The jury of four women and two men reached a verdict about 4 p.m. Thursday, having begun deliberating Wednesday afternoon after closing arguments concluded in the three-week trial.
Mr. Churchill, 61, was fired in 2007 after a two-year university investigation found him guilty of plagiarism, fabricating research and misrepresenting the research of others.
But the jury sided with Mr. Churchill in his contention that he came under investigation only after an outcry surrounding an essay he wrote comparing the victims of the Sept. 11 terrorist attacks to infamous Nazi bureaucrat Adolf Eichmann. Mr. Churchill had argued that the university violated his First Amendment rights.

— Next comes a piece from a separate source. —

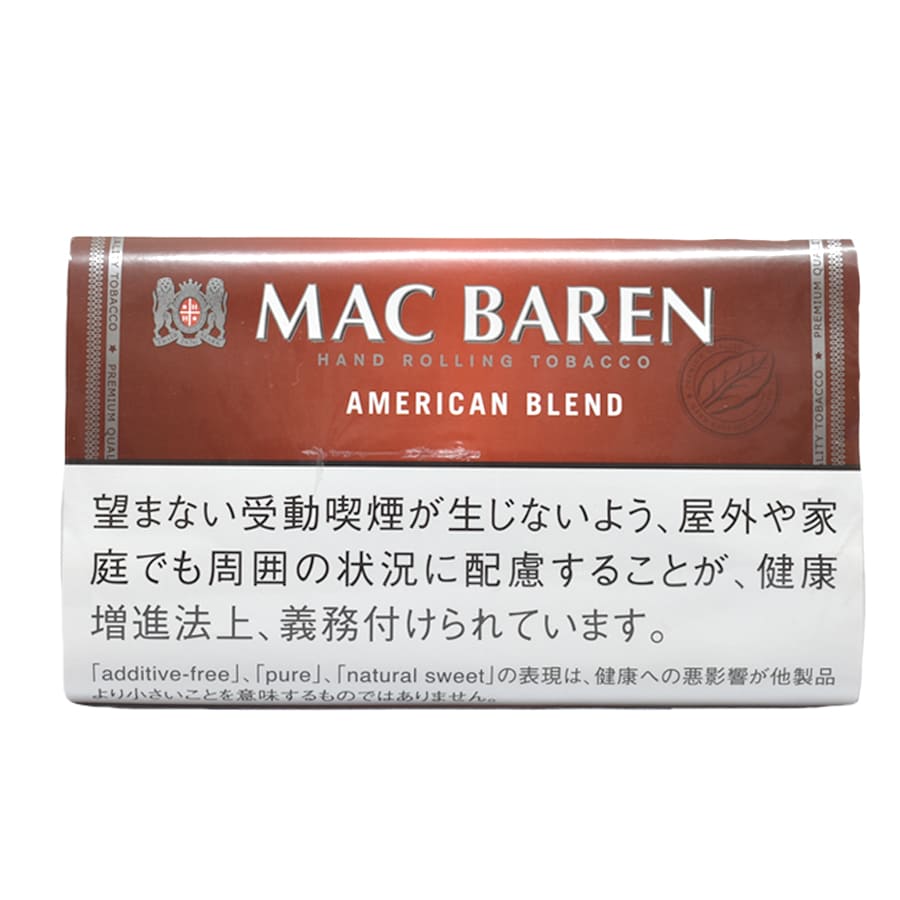 手巻き用シャグ マックバーレン アメリカンブレンド 30g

Whether Mr. Churchill will be reinstated as a professor remains to be seen. Denver Chief District Court Judge Larry Naves will hold a separate hearing to determine Mr. Churchill's future with the university.

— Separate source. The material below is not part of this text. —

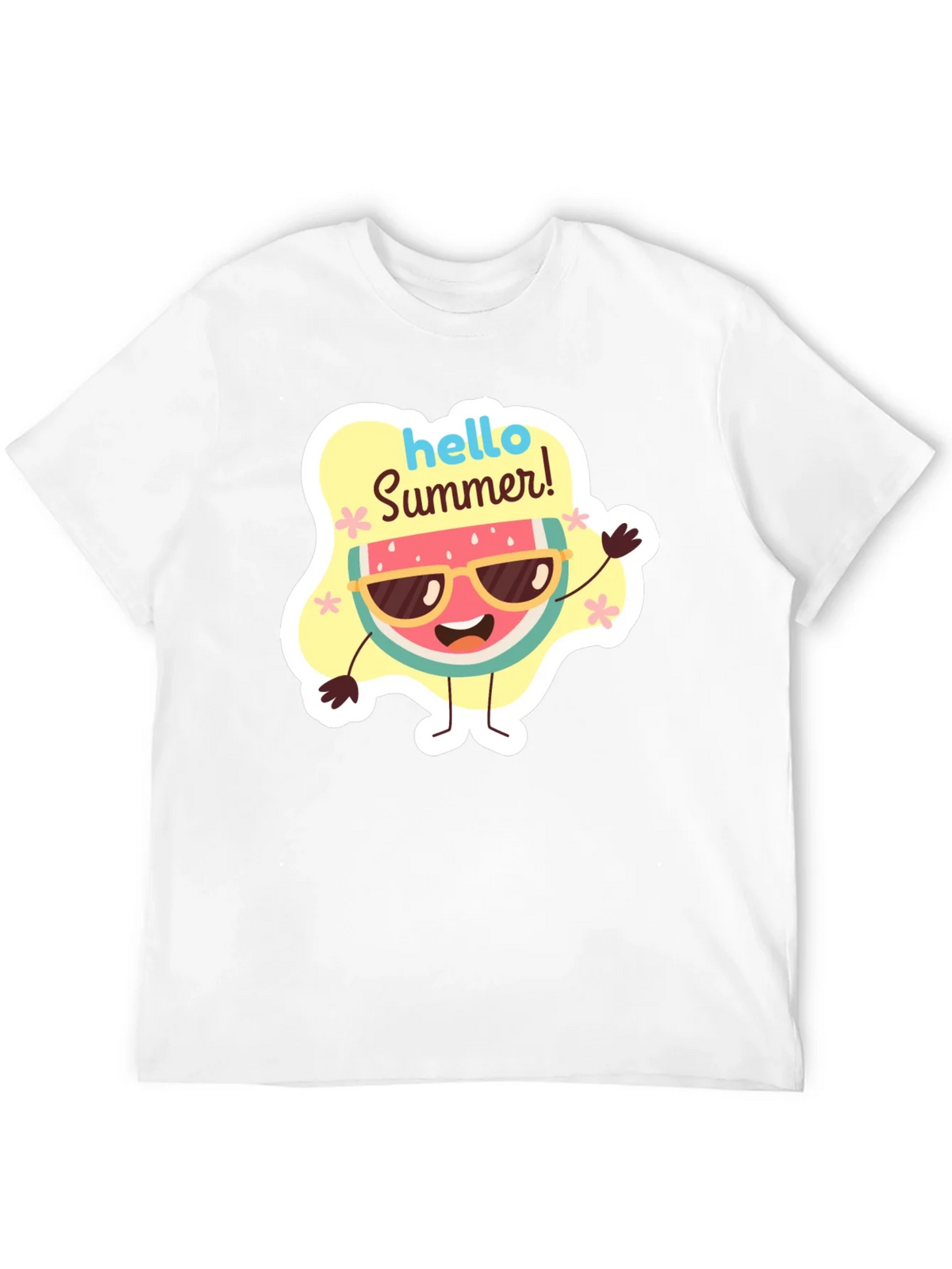 Hello Summer! Watermelon T-Shirt product image 11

After the hearing, Mr. Churchill said he wasn't concerned about the $1 award, only getting his job back.
"What's next for me? Reinstatement, of course," Mr. Churchill said. "I didn't ask for money, I asked for justice."
University spokesman Ken McConnellogue defended the university, telling a Denver TV station that "we believe we did the right thing in the right way for the right reasons. And we would act the same way again."
Mr. Churchill's attorney, David Lane of Denver, called the verdict "a great victory for the First Amendment and academic freedom."
During the trial, Mr. Lane had contended that the university succumbed to pressure from the "howling mob" to fire Mr. Churchill after he became a national symbol of radical academia. He was frequently criticized by conservative commentators such as Fox News' Bill O'Reilly and radio talk-show host Rush Limbaugh.
Then-Colorado Gov. Bill Owens also had called on Mr. Churchill to resign. Mr. Owens and former Sen. Hank Brown, who served as university president at the time of the firing, were called to testify during the trial.
At the time, Mr. Churchill was a professor of ethnic studies and former head of the ethnic studies department. He had published extensively on the subject of American Indian history and was active in the American Indian Movement.
The university's attorney, Patrick O'Rourke, countered with extensive evidence of Mr. Churchill's academic misconduct. He argued that the firing was based solely on those issues and had nothing to do with his 2001 essay, "Some People Push Back: On the Justice of Roosting Chickens."
But jurors disagreed, finding that the essay set in motion the events that led to university's decision to dismiss Mr. Churchill.